■ **Material supplied**

_____

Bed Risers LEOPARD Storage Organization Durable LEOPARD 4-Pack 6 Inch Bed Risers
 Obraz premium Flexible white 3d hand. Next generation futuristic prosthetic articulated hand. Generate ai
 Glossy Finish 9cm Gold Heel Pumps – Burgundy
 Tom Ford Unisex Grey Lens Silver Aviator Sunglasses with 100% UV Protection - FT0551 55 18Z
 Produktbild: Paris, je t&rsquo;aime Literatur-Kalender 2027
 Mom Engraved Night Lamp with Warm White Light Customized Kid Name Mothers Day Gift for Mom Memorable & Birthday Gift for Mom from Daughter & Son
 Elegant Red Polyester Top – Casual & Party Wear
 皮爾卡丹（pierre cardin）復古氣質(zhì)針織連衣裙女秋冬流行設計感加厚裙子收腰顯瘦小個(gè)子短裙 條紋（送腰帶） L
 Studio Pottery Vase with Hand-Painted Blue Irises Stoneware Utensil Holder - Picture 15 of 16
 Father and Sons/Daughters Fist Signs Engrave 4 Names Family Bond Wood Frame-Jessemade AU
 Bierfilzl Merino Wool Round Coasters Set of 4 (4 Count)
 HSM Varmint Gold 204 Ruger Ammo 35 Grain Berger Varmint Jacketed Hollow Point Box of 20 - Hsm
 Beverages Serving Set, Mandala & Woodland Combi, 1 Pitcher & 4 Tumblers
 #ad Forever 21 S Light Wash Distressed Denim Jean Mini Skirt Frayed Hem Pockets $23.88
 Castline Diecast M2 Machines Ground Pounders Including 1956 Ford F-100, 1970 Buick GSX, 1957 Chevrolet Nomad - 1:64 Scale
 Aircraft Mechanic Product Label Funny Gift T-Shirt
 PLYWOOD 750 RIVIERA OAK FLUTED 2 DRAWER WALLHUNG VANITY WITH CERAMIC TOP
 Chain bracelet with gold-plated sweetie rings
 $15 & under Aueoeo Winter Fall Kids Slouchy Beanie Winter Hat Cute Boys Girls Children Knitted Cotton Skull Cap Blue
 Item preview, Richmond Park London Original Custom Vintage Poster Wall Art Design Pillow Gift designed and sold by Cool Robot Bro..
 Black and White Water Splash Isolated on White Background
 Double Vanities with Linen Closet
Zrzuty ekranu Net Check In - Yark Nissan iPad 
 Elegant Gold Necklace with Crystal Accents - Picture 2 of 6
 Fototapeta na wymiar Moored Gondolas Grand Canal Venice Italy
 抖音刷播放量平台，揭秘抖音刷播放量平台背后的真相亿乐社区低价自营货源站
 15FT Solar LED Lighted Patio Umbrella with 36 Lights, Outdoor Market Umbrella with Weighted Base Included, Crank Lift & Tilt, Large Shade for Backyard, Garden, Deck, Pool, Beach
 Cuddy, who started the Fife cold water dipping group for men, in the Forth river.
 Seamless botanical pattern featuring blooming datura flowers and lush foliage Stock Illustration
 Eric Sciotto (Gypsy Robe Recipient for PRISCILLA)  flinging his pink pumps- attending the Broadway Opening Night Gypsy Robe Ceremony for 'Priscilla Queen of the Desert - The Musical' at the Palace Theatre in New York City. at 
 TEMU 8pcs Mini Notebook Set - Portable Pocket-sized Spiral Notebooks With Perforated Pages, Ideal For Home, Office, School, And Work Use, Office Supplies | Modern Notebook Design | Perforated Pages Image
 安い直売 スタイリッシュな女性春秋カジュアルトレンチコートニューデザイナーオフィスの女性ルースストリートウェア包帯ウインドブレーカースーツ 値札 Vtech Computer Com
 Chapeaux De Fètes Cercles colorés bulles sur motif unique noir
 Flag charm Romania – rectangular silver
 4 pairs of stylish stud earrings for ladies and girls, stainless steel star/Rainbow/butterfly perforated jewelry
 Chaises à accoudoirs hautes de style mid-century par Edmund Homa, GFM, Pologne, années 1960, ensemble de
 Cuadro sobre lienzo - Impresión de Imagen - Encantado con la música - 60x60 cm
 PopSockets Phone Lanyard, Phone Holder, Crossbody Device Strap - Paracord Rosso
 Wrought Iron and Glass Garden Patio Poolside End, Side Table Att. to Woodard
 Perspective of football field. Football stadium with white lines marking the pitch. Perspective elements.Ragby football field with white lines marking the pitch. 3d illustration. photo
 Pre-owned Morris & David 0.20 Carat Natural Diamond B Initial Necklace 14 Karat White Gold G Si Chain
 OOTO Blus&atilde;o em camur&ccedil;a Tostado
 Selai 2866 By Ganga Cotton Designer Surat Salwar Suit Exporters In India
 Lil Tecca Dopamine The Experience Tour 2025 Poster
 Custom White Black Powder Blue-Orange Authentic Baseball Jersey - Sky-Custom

_____

■ **Problem**
If the string "Mini" appears in a line of the entries, report the line.

■ **Response to this task**
 #ad Forever 21 S Light Wash Distressed Denim Jean Mini Skirt Frayed Hem Pockets $23.88
 TEMU 8pcs Mini Notebook Set - Portable Pocket-sized Spiral Notebooks With Perforated Pages, Ideal For Home, Office, School, And Work Use, Office Supplies | Modern Notebook Design | Perforated Pages Image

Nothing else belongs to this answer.